## [Task]
Your answer should be the lines below from the one holding "Hi guys, welcome" through the one holding "With that, there", copied exactly and with nothing else.
*** Data listing Section Begins ***
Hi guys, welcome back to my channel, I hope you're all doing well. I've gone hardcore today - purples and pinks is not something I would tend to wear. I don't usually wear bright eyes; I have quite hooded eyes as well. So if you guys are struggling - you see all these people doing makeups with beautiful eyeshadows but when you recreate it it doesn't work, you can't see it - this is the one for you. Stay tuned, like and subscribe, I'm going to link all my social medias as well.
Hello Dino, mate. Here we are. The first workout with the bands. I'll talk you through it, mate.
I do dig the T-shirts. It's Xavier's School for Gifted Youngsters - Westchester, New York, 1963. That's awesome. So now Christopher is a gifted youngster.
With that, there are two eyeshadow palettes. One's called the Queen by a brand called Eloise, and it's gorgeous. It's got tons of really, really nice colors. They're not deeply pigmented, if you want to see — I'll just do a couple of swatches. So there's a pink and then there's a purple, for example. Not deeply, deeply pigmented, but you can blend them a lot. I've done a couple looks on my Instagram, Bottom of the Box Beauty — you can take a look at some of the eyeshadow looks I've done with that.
*** Data listing Section Ends ***
*** Data listing Section Begins ***
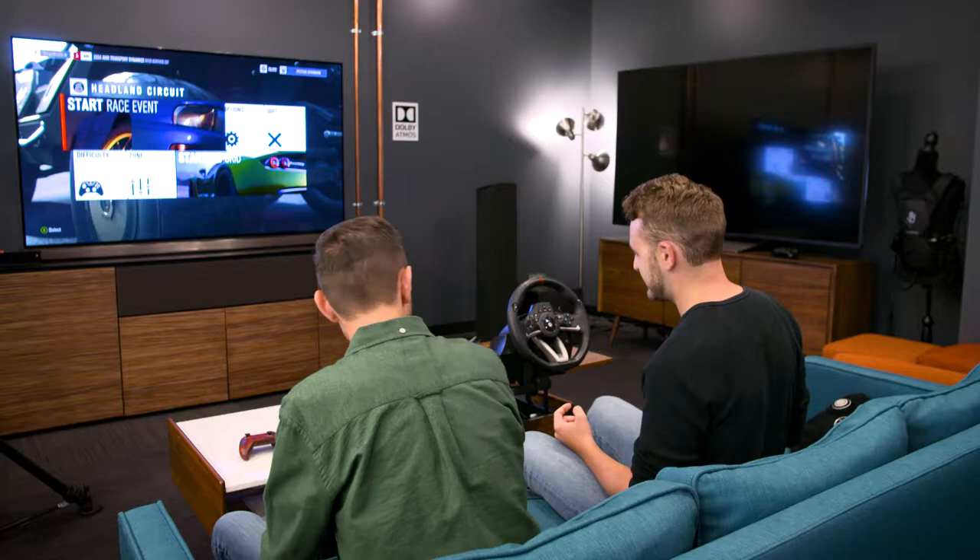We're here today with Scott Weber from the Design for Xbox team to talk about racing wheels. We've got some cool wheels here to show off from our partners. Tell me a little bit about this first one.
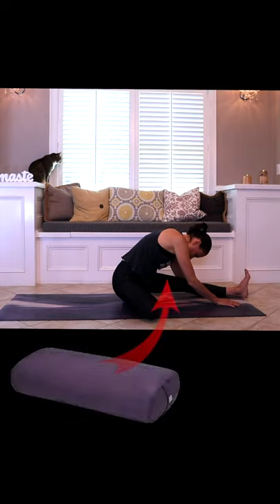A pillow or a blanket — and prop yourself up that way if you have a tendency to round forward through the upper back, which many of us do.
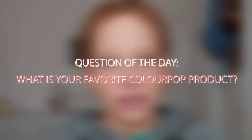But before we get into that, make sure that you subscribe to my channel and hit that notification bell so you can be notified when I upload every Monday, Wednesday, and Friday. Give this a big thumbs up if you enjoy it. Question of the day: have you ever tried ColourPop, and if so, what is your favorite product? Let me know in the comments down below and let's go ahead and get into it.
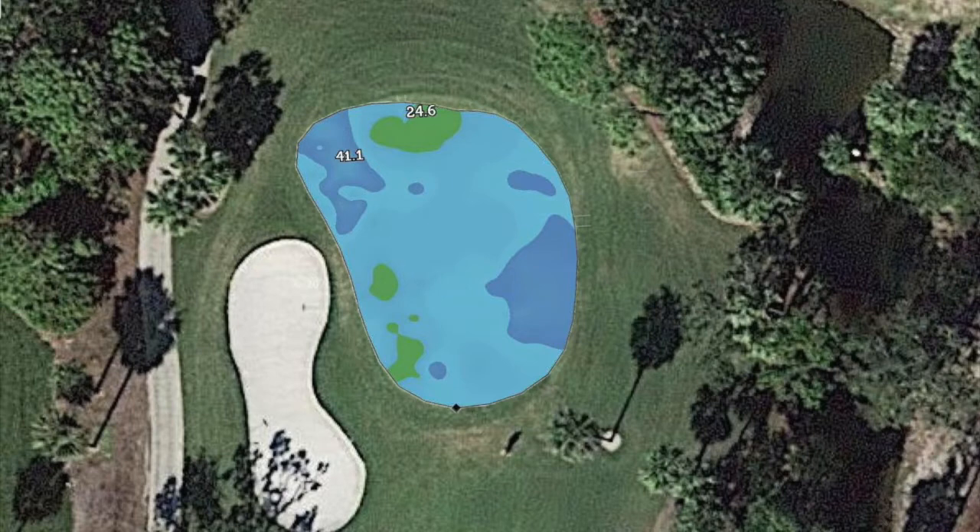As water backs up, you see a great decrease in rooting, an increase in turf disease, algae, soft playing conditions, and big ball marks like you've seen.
*** Data listing Section Ends ***
*** Data listing Section Begins ***
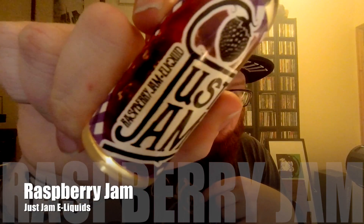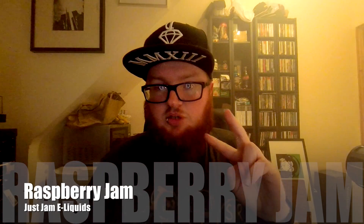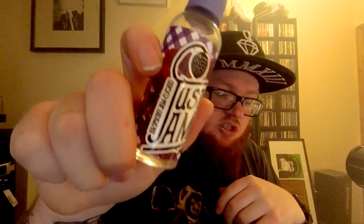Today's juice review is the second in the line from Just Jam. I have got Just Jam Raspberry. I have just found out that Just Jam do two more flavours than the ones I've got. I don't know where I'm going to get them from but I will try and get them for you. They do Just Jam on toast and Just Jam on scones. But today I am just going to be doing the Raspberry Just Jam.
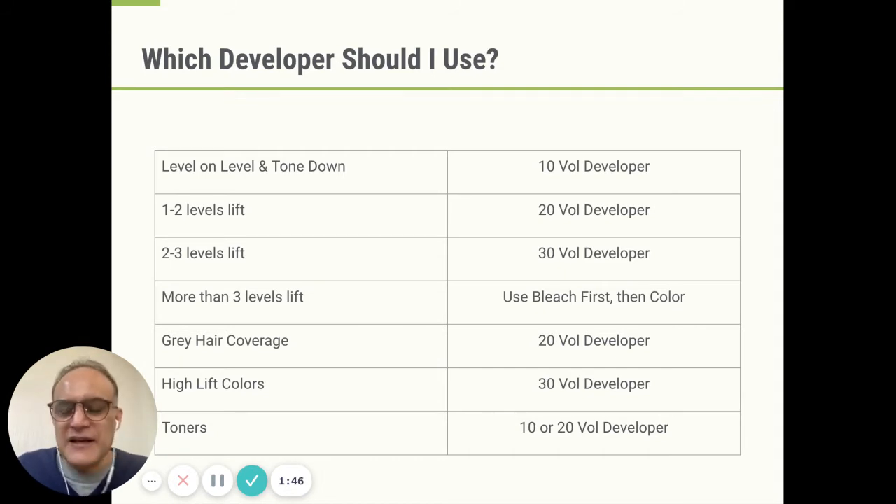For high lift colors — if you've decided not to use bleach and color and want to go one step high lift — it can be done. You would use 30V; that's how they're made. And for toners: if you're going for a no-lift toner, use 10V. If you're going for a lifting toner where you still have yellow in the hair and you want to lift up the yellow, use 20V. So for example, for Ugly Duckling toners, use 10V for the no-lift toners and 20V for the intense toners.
*** Data listing Section Ends ***
## [Exercise solution]
Hi guys, welcome back to my channel, I hope you're all doing well. I've gone hardcore today - purples and pinks is not something I would tend to wear. I don't usually wear bright eyes; I have quite hooded eyes as well. So if you guys are struggling - you see all these people doing makeups with beautiful eyeshadows but when you recreate it it doesn't work, you can't see it - this is the one for you. Stay tuned, like and subscribe, I'm going to link all my social medias as well.
Hello Dino, mate. Here we are. The first workout with the bands. I'll talk you through it, mate.
I do dig the T-shirts. It's Xavier's School for Gifted Youngsters - Westchester, New York, 1963. That's awesome. So now Christopher is a gifted youngster.
With that, there are two eyeshadow palettes. One's called the Queen by a brand called Eloise, and it's gorgeous. It's got tons of really, really nice colors. They're not deeply pigmented, if you want to see — I'll just do a couple of swatches. So there's a pink and then there's a purple, for example. Not deeply, deeply pigmented, but you can blend them a lot. I've done a couple looks on my Instagram, Bottom of the Box Beauty — you can take a look at some of the eyeshadow looks I've done with that.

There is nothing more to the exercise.